Essen nach der „Planetary Health Diet“ – fit mit Pflanzenpower
Die „Planetary Health Diet“ legt den Fokus auf pflanzliche Kost: viel Obst und Gemüse, plus Vollkorngetreide und Hülsenfrüchte. Denn diese Nahrungsmittel liefern jede Menge gesunde Ballaststoffe, die besonders wichtig für unsere Darmbakterien sind.
Rund zwei Kilo und 500 unterschiedliche Arten an Bakterien wohnen in unserer Körpermitte – und sind für unsere Gesundheit unentbehrlich. Sie dienen zur Abwehr krankmachender Keime und Pilze, optimieren den Fettstoffwechsel und produzieren beispielsweise Buttersäure, die die Darmwand schützt und die Ausbreitung von Krebszellen reduzieren kann. Außerdem wird unser Immunsystem erst durch Darmbakterien richtig aktiv. Sie helfen bei der Reifung der T-Zellen. Das alles funktioniert jedoch nur, wenn die Bakterien ausreichend Futter bekommen. Ihre Leibspeise: unverdauliche Pflanzenfasern, sprich Ballaststoffe.
Zusätzlich wichtig: Nüsse, Samen und Kerne. Sie sind allesamt reich an ungesättigten Fettsäuren, die das gute Cholesterin im Blut erhöhen und dadurch das Risiko für Herzinfarkte und Schlaganfälle senken. Keine Angst vor den Kalorien! Eine Studie des Landwirtschaftsministeriums der Vereinigten Staaten (USDA), hat gezeigt, dass Nüsse viel weniger energiereich sind als bisher angenommen. Ein Teil wird meist unverdaut wieder ausgeschieden.

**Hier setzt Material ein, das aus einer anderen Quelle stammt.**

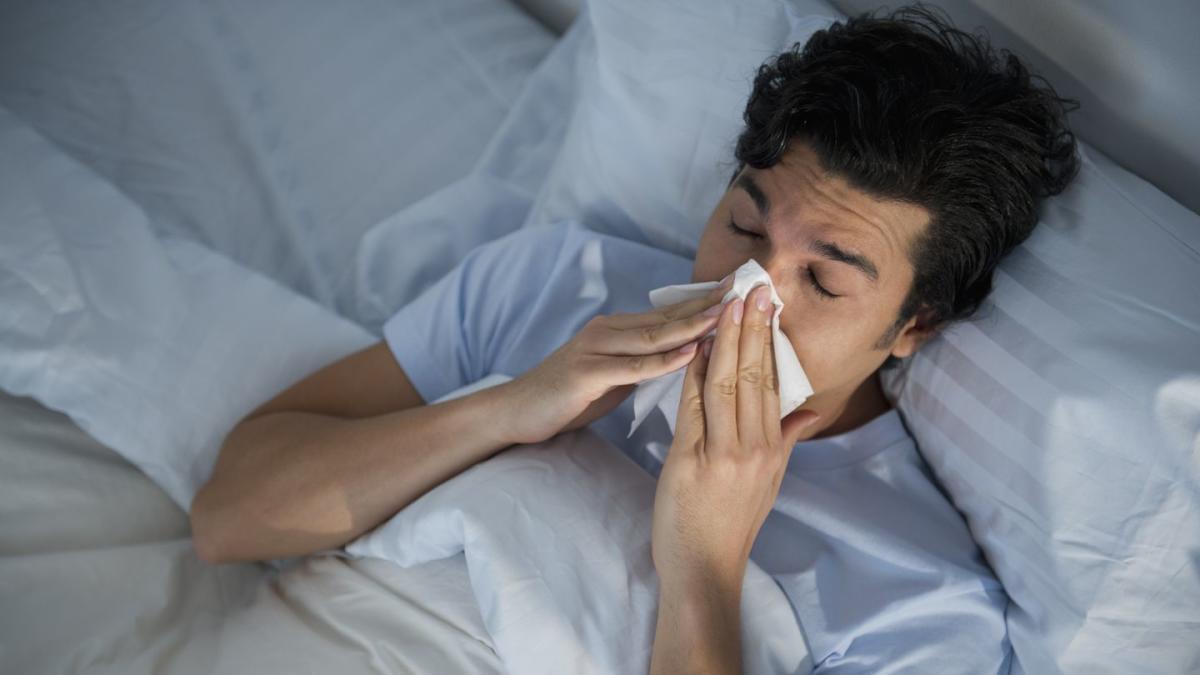 Featured image for Effective Ways to Stop a Runny Nose Naturally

So setzt du die „Planetary Health Diet“ zu Hause um und tust was gegen den Klimawandel
Letztendlich entspricht die Ernährung der Zukunft also dem Begriff des „Flexitariers“. Es muss auf nichts komplett verzichtet, aber tierische Produkte und Zucker deutlich reduziert werden.
Beim Einkauf sollte man auch das Klima im Kopf haben und wenn möglich regional und saisonal wählen. Flugmangos aus Thailand oder spanische Erdbeeren im Dezember verursachen einen deutlich höheren CO2-Austoß und Wasserverbrauch als heimisches Obst und Gemüse, das reif geerntet und verkauft werden kann.

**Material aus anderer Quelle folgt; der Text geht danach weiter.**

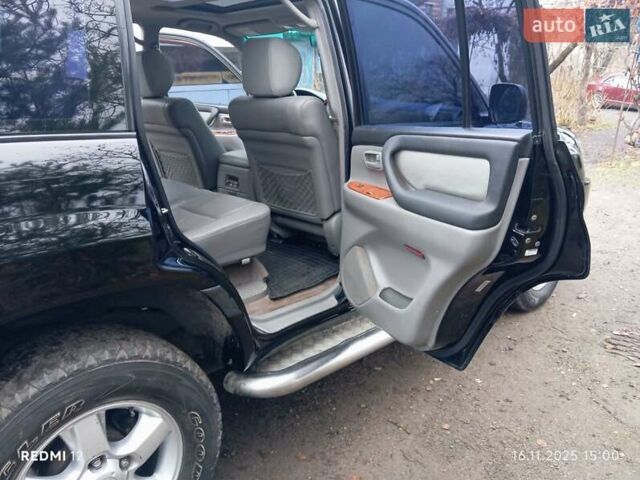 Коричневый Тойота Ленд Крузер, объемом двигателя 4.66 л и пробегом 260 тыс. км за 14000 $, фото 2 на Automoto.ua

Das kommt täglich auf den Teller:
300 g Gemüse
250 g Milchprodukte
230 g Vollkorngetreide
75 g Hülsenfrüchte
50 g Kartoffeln
50 g Nüsse
50 g Fette und Öle (der Großteil ungesättigt)
30 g Zucker
Das darf einmal pro Woche gegessen werden:
200 g Geflügel
100 g Fleisch (Rind, Schwein oder Lamm)
200 g Fisch
1-2 Eier
Für diesen Speiseplan legen die Wissenschaftler:innen einen täglichen Bedarf von 2500 Kalorien zugrunde. Je nach den persönlichen Lebensumständen kann das allerdings zu viel oder zu wenig sein. Daher gelten diese Werte nur als grobe Orientierung.